Supreme Court of New Hampshire Strafford.
Decided June, 1885.
Leave to appeal from a decree of the probate court allowing the settlement of an administrator’s account, cannot be granted when the terms of the settlement were agreed to by counsel for the petitioners, and there was no fraud, and the only errors in the account were such as would have been discovered by reasonable diligence on the part of the petitioners and their counsel.
PETITION, for leave to appeal from a decree of the probate court, allowing the settlement of the defendant’s account as administrator of the estate of John Briony, on the ground that the petitioners were prevented from appealing therefrom within sixty days,
through mistake, accident, or misfortune.

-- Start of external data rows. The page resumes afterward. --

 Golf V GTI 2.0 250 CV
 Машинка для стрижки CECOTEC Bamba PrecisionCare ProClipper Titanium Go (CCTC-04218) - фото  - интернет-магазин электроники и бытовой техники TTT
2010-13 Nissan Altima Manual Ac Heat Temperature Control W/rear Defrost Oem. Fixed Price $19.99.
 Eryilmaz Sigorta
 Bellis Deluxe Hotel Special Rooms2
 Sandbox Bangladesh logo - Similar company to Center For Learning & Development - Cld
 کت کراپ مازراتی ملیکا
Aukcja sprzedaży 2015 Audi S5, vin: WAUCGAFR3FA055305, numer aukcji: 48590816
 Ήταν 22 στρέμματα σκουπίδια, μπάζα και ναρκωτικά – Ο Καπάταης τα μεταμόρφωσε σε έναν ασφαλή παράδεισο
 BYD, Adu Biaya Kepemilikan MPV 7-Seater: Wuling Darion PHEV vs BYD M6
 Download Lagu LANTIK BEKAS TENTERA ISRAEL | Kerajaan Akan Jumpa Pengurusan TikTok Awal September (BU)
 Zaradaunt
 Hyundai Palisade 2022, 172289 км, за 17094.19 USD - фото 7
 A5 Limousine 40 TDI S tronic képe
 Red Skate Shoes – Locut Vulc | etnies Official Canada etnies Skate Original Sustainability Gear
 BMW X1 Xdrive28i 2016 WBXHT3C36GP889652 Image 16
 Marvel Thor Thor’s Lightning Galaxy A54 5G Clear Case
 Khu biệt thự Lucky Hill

Facts found by a referee.
Edw. O. Cooke (of Massachusetts) and J. Kivel, for the petitioners.
T. J. Smith and J. G. Hall, for the defendant.
The reasons assigned for leave to appeal from the defendant’s settlement of his administration account are, that one inventory having been made and filed, and that neither at the settlement of the account, nor subsequently within the time for taking an appeal, did the administrator produce his books and vouchers for examination, and the petitioners were deprived of the opportunity of various errors and frauds, which it is claimed were made in the settlement.
The only errors in the account which the referee has found are a charge by the administrator of money paid for services by his attorney, thirteen dollars of which were for services rendered while the attorney was register of probate, and an excess — how much is not found — taken by the administrator, as commissions upon money collected and disbursed. These charges were examined and agreed to by the plaintiffs’ attorneys, at the time the amount was settled. The assets, of which no appraisal was made, were accounted for at their value. At the time the vouchers were called for by the plaintiffs, the administrator could not find them, but they were subsequently discovered and produced before the referee, and corresponded with the items of the account. After the settlement the plaintiffs gave a receipt for the balance found, and a release, under seal, of all further claim against the administrator. There was no fraud or concealment on the part of the administrator, and there were no errors in the account, which, by reasonable diligence, might not have been discovered in season for correction or appeal. There being no fraud or concealment, and all matters having been open to examination, or so situated that by reasonable diligence they might have been examined, there is no such mistake, accident, or misfortune as warrants the granting of leave to appeal to prevent injustice.